2.1.2. China Air Pollution Dataset

The Beijing multi-site air-quality dataset comprises hourly AQI parameters from 10 measured air pollution monitoring locations countrywide [1]. The AQI data characterizes the Beijing public environmental areas for the 24-h care center. The climatological and meteorological data in the AQI site are coordinated with China’s climatological management’s adjacent climate monitoring site. The historical time is from March 2013 to February 2017. Table 2 and Figure 2 show descriptive information related to the dataset.

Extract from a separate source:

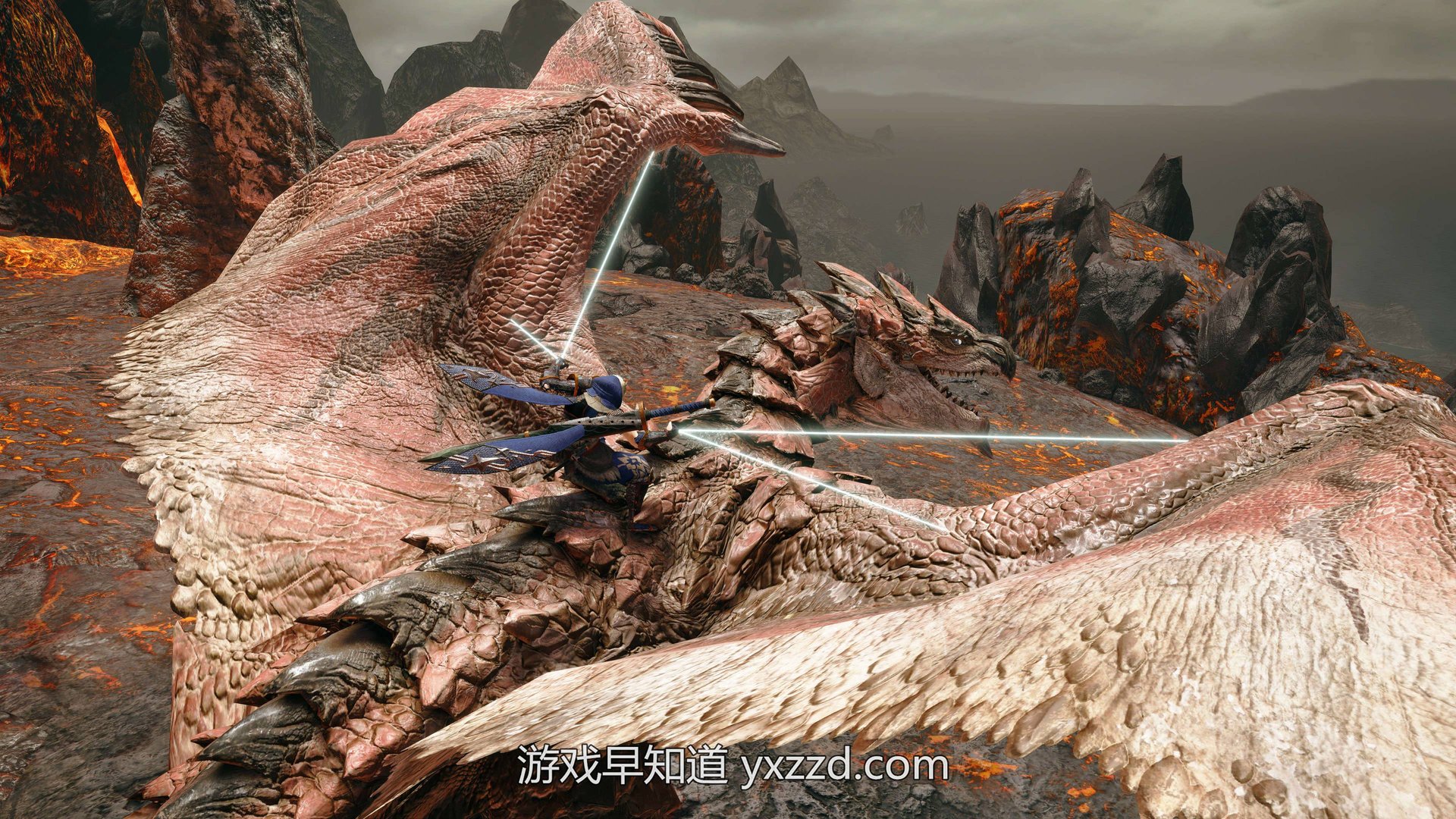 空洞骑士 年度版 截图13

The response AQI is classified into four categories: AQI ≤ 35 μgm⁻³ (green), 35 μgm⁻³ < PM_2.5 ≤ 75 μgm⁻³ (yellow), 75 μgm⁻³ < AQI ≤ 150 μgm⁻³ (orange) and AQI > 150 μgm⁻³ (red). The four numbers inside each colored node indicate the proportions of the AQI categories at each layer of the branch, and the percentage represents the marginal proportion of the sample at the node. Figure 2 shows the position of 36 air quality monitoring sites marked as purple and red circles and 15 metrological sites marked as blue triangles.

2.2. Prediction Methods

2.2.1. Descriptive Statistics

Descriptive statistics are used to quantitatively describe or summarize each monitoring station data’s features for further explaining their implication. Mean and median are statistical terms introduced to understand the central tendency of the data. Minimum and maximum show the amplitude of the time series. Standard deviation is a measure for quantifying the amount of variation or dispersion of the data values. A low standard deviation indicates that the data points tend to be close to the data set’s mean, while a high standard deviation indicates that the data points are spread out over a wider range of values. Skewness and kurtosis are applied to judge whether the sampling distribution is normal or not. Moreover, standard error of skewness (SES) and standard error of kurtosis (SEK) are presented to show the deviation between Skewness or Kurtosis’s values.

2.2.2. ARIMA Algorithm

ARIMA, short for the auto-regressive integrated moving average, is actually a class of models that explains a given time series based on its own past values, that are its own lags and the lagged forecast errors so that the equation can be used to forecast future values. Any ”non-seasonal” time series that exhibits patterns and is not a random white noise can be modeled with ARIMA models [4]. An ARIMA model is characterized by three terms: p, d, and q. Where p is the order of the AR term, q is the order of the MA term, and d is the number of differences required to make the time series stationary. If a time series has seasonal patterns, then seasonal terms are added, becoming SARIMA, short for seasonal ARIMA. The first step to building an ARIMA model is to make the time series stationary because the term “Auto Regressive” (AR) in ARIMA means it is a linear regression model that uses its own lags as predictors. Linear regression models work best when the predictors are not correlated and are independent of each other. The most common approach is to subtract the previous value from the current value. Sometimes, depending on the complexity of the series, differences might be needed. Therefore, the value of d is the minimum number of differences needed to make the series stationary. If the time series is already stationary, then d = 0. “p” is the order of the AR term. It refers to the number of lags of Y to be used as predictors. And “q” is the order of the “Moving Average” (MA) term. It refers to the number of lagged forecast errors that should go into the ARIMA Model. We adopt for forecasting the famous ARIMA model that is given by the Equation:

(2)$d^I{x}_t^{i,j}={\alpha }_1{d}^I{x}_{t-1}^{i,j}+{\alpha }_2{d}^I{x}_{t-2}^{i,j}+\dots {\alpha }_p{d}^I{x}_{t-p}^{i,j}+u_t+{\beta }_1{u}_{t-1}+\dots {\beta }_q{u}_{t-q}$

2.2.3. Monte Carlo Simulation

Monte Carlo simulation (MCS) algorithms are mainly used in three problem classes: optimization, numerical integration, and generating draws from a probability distribution. MCS is one of the most common methods used to accommodate the uncertainties associated with many risk-related problems [8,19,20]. It has been recognized as a means of quantifying variability and uncertainty in risk assessments by the National Academy of Sciences and USEPA. This method provides a quantitative way to estimate the probability distributions for exposure risks and provides more information for making decisions related to risk protection. The widespread use of MCS in risk assessment promises a significant improvement in the scientific rigor of these assessments [20]. The MCS method generally requires three main steps, which are intended as follows:

Step 1 Construct a descriptive procedure to the probabilistic process:

• Build an appropriate probability model according to the simulated object’s characteristics;

• Find a suitable distribution function to the desired solution.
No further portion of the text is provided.